| Your objective |
Please restate each line of the data that follows word for word, skipping any image.

Brief descriptive captions:
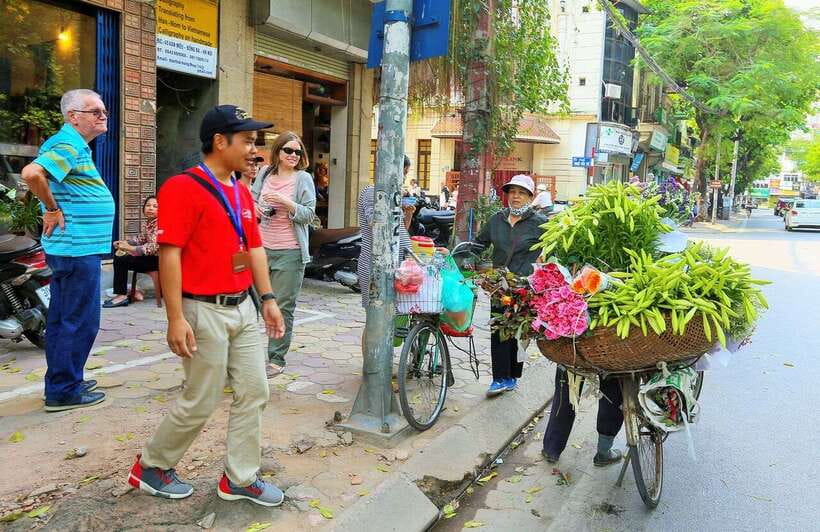 Private Hanoi: Crowd-free Morning Highlights - Who should book this private Hanoi highlights tour
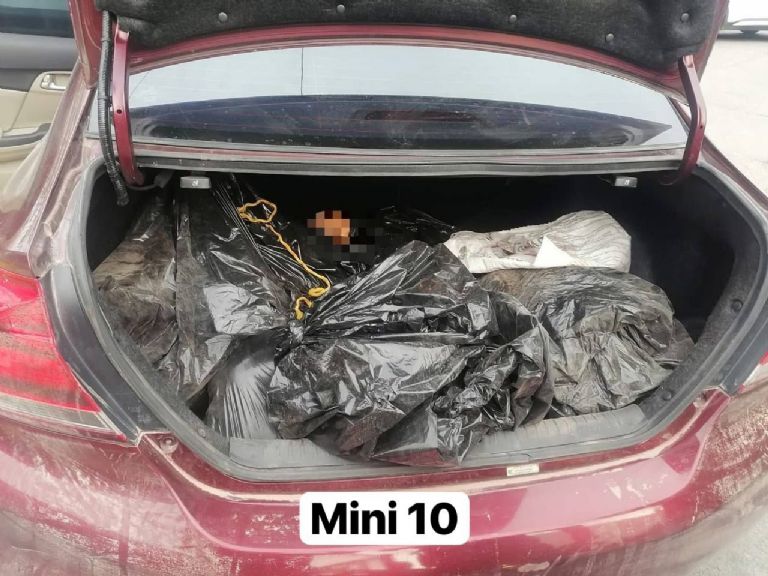 Al interior de un vehículo, hayan dos cuerpos; los abandonaron en Culiacán. Foto: Facebook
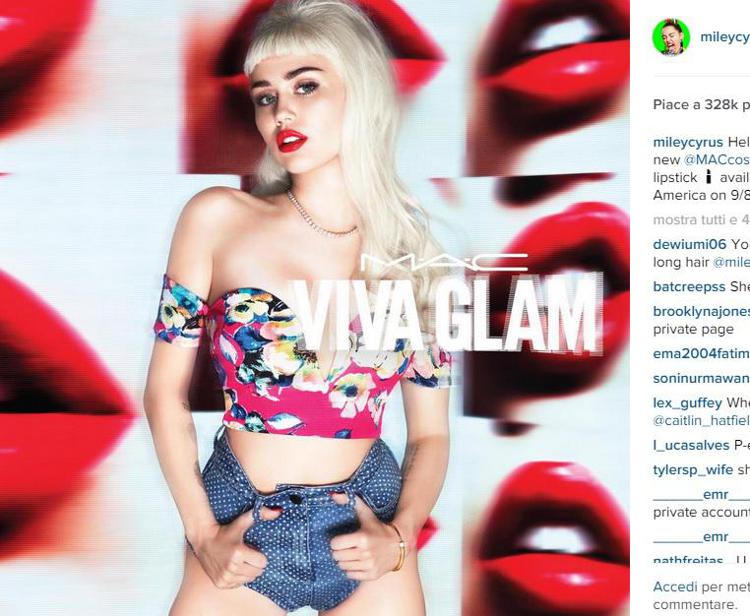 Il nuovo look di Miley Cyrus per MAC, contro HIV e AIDS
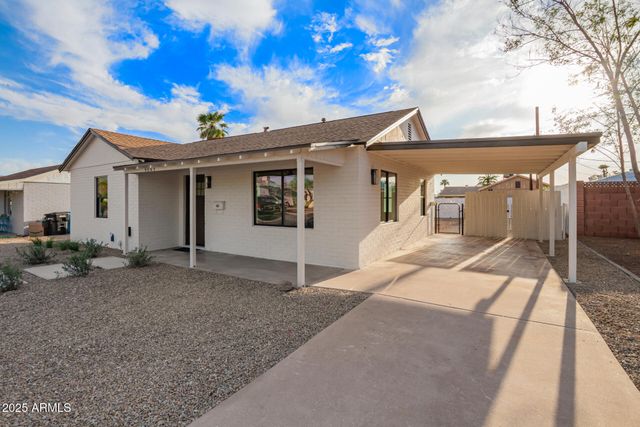 9042 N 3RD Avenue, Phoenix, AZ 85021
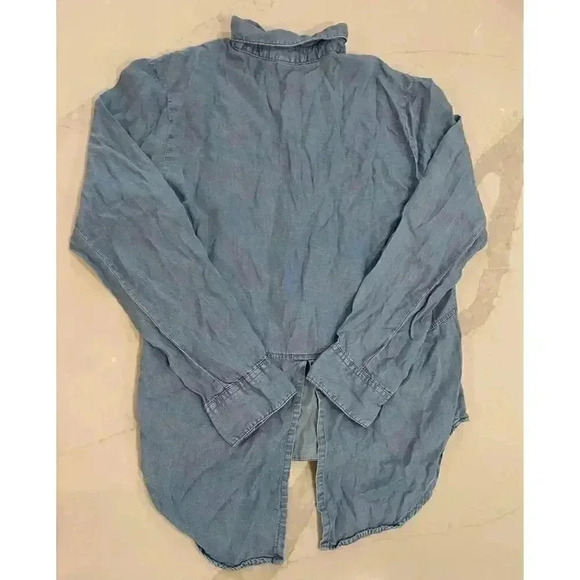 Thread and Supply Denim Chambray Button Up Shirt Women’s Size Small - Picture 6 of 6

| Response below |
 Private Hanoi: Crowd-free Morning Highlights - Who should book this private Hanoi highlights tour
 Al interior de un vehículo, hayan dos cuerpos; los abandonaron en Culiacán. Foto: Facebook
 Il nuovo look di Miley Cyrus per MAC, contro HIV e AIDS
 9042 N 3RD Avenue, Phoenix, AZ 85021
 Thread and Supply Denim Chambray Button Up Shirt Women’s Size Small - Picture 6 of 6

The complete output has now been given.